Quand ceux-ci ont dû quitter leur établissement en 1881, les missionnaires d’Afrique ou Pères blancs les ont remplacés, mais ne paraissent pas avoir hérité de la même popularité ni de la même science pédagogique : leur école est aujourd’hui réduite à une vingtaine d’élèves dans une sorte de pensionnat, qui rend des services. Quoi qu’il en soit, la direction que M. et Mme G. ont su imprimer à leurs élèves est excellente, et nous ne faisons que leur rendre justice en constatant que nous n’avons pas trouvé dans leur école d’élèves absolument nuls, suivant la classe sans entrain et sans goût. Aussi le recteur accorde-t-il pour le lendemain un jour de congé, qui est accueilli avec le même plaisir qu’en France. Nous distribuons comme récompenses de menus objets utiles ou amusants dont nous nous sommes munis, couteaux, canifs, plumiers, porte-plumes, porte-crayons, pistolets à amorce ou à bouchon, toupies, billes, sifflets, flûtes en fer-blanc, mirlitons, toutes choses accueillies avec enthousiasme.

J’insisterai sur les mérites particuliers de Mme G. ; cette institutrice a su gagner la confiance des mères kabyles, dont elle parle bien la langue, les initiant aux travaux de femme, couture, raccommodage, lavage, repassage, tenue du ménage, cuisine, voire même à quelques principes de médecine et d’hygiène usuelles fort appréciés des indigènes. Un enfant kabyle était malade ; M. G. va le voir et le trouve assez souffrant pour dire à la mère : « Je vais écrire au médecin de venir voir ton enfant. — Pourquoi, lui répond-on ; est-ce que ta femme n’est pas un bon médecin ? » Aussi Mme G. est-elle partout estimée, aimée, recherchée pour le bien qu’elle fait autour d’elle. Ces menus faits et bien d’autres que nous avons recueillis font apprécier nos instituteurs et finiront à la longue par servir grandement notre influence dans le pays. C’est ici surtout que les maîtres d’école sont les pionniers avancés de la civilisation.
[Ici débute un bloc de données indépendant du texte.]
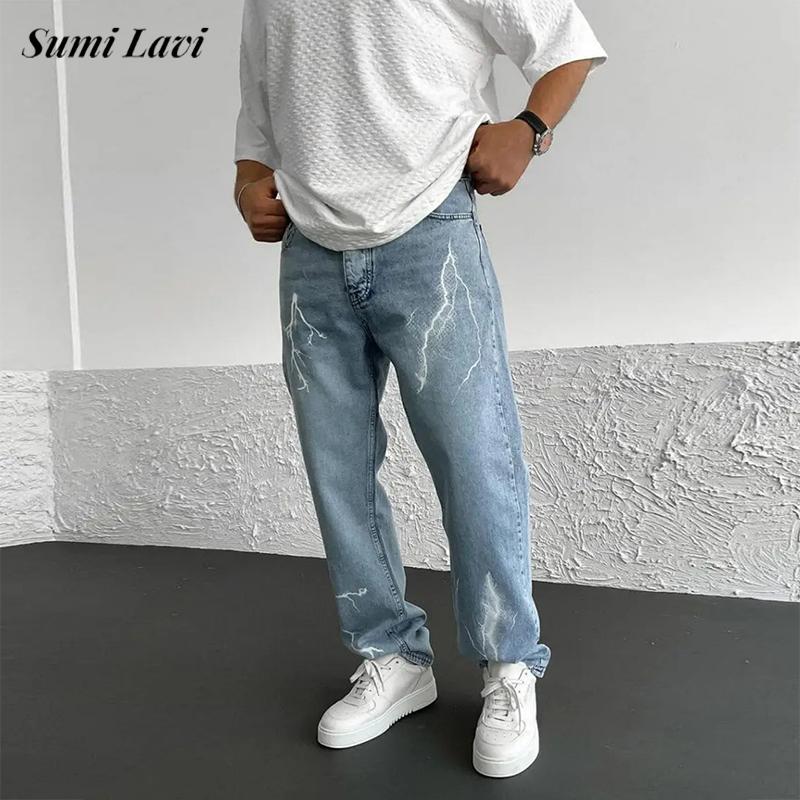 2024, весна-лето, стильные муж – обзор и цена Men'S Fashion Jeans 2025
Nous avons fait ensuite une visite au village indigène, situé à un kilomètre de l’école et caché au milieu d’oliviers centenaires. Djemâa-Sah’aridj — l’ancienne Bida Colonia des Romains, dit M. Mac-Carthy, le savant géographe et bibliothécaire d’Alger[1], — présente un curieux aspect. Ce qui frappe surtout quand on y entre, ce sont les débris antiques qui partout jonchent le sol, des murs à fleur de terre, restes visibles et assez bien conservés de l’occupation romaine et qui ne paraissent pas avoir jamais été profondément fouillés ; peut-être y trouverait-on des choses intéressantes. Deux ou trois fontaines fournissent de l’eau en abondance : un large bassin, qui a donné son nom au village, est fermé par de gros blocs de pierres taillées ; quelques autres tout semblables soutiennent les murs des

  1. Je saisis avec empressement cette occasion de remercier M. Mac-Carthy de l’amabilité avec laquelle il a mis à ma disposition des livres utiles et sa science profonde de l’Algérie.